Contextual Customisation of Agile Methods for GSD

Popularity of Agile methods and wide spread adoption of different forms of Global Software Development (GSD) have been encouraging several efforts aimed at exploring the potential advantages and disadvantages of applying Agile methods in GSD arrangements. Several research and industrial efforts and their outcomes aimed at combining Agile and GSD have been published in scientific and practitioner oriented literature – an emerging consensual message in nutshell is – context based customisation – Agile methods in general and Scrum in particular can be deployed in GSD arrangements with appropriate tweaking and customisation depending upon the contextual factors such as nature of domain, number of teams, amount of time difference, and number of cultural backgrounds.
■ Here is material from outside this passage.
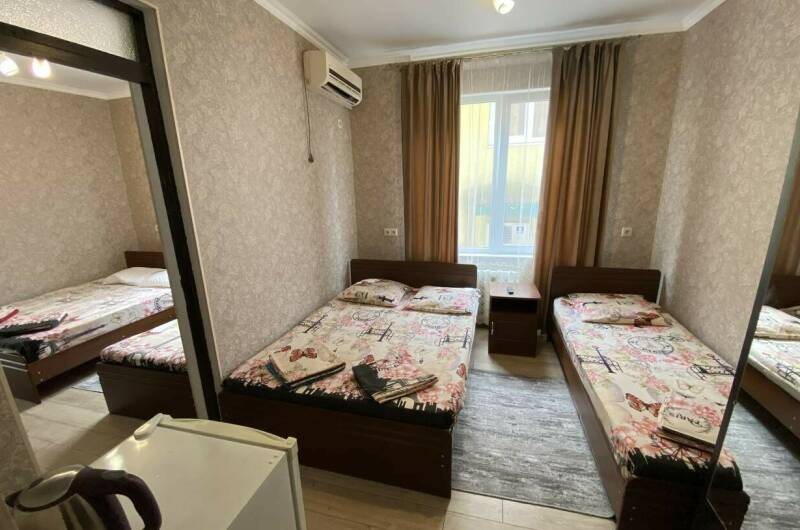 6 местный номер с удобствами № 2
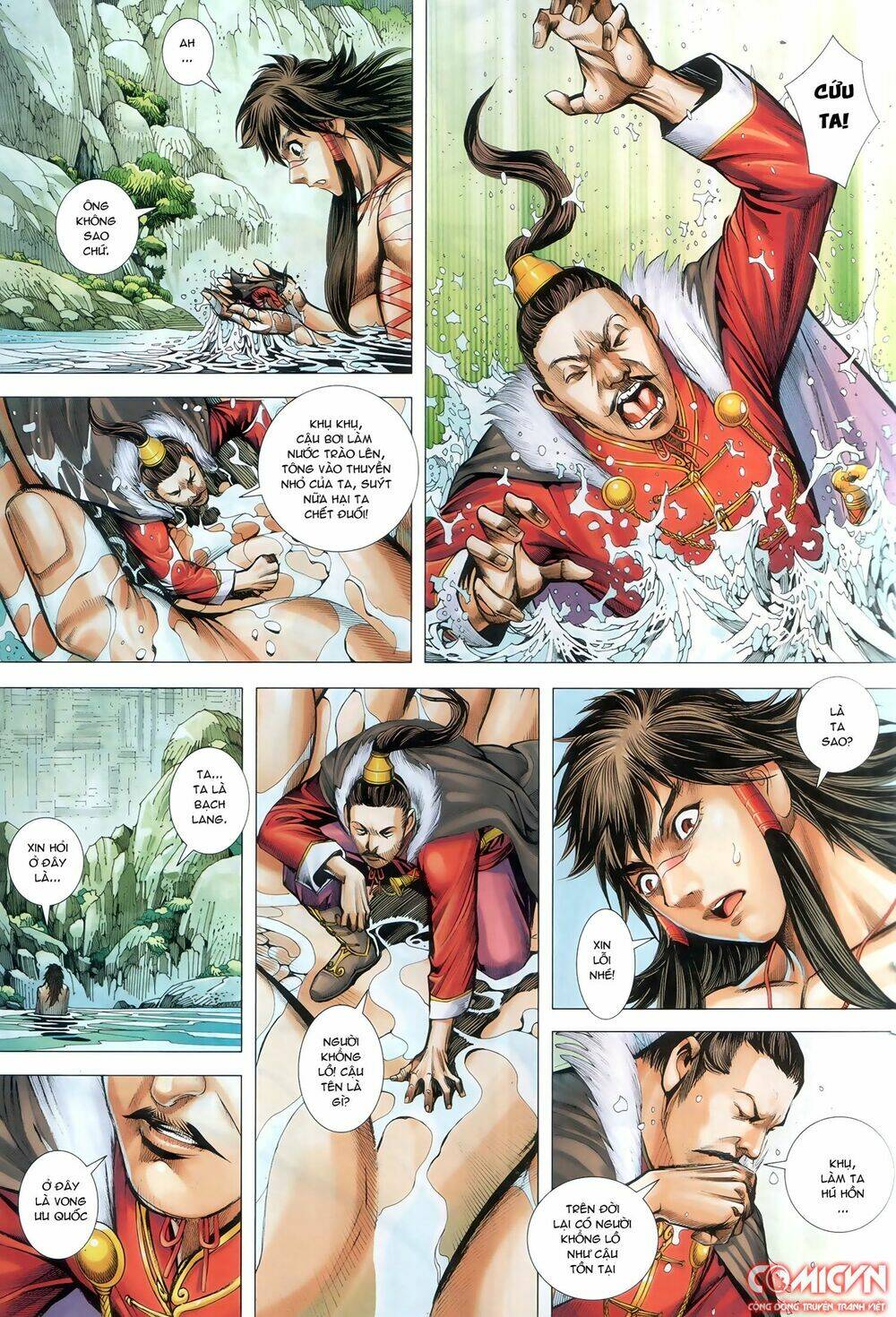 Tây Du Chapter 128 - Trang 2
Now the efforts are being geared towards understanding the customisation antecedents and strategies of specific Agile methods for different GSD arrangements based on different contextual factors. The outcomes of such efforts are revealing interesting and useful insights into the needs and mechanisms of contextual tweaking of Agile methods in GSD – Yesterday (28 August, 2013), I chaired a session, Tweaking Agile Methods for GSD, at the International Conference on Global Software Engineering (ICGSE) in Bari, Italy, where three such efforts provided very useful findings. Three presenters Maria Paasivaara, Stephan Salinger, and Julian M. Bass shared interesting findings from their research efforts.
Marie’s presentations on, Integrating Global Sites into the Agile and Lean Transformation at Ericsson, shared observations from their study of Ericsson finland’s initiative of integrating three different sites, Finland, Hungary, and USA, for a product development efforts using agile and lean approaches. Stephen’s talk, Doing Scrum Rather Than Being Agile – A Case Study on Actual Nearshoring Practices, was based on their study of the use of Scrum in a client vendor relationship between two companies based on Germany (Client) and Poland (Vendor). Julian presented his work, Agile Method Tailoring in Distributed Enterprises: Product Owner Teams, aimed at understanding role specific customisation and practices of Agile methods in GSD context for large scale enterprise information systems, which are business critical – the presented work was focused on the role of product owner. The talks were based on their papers which can be found in the proceedings of the ICGSE 2013 published by IEEE Computer Society.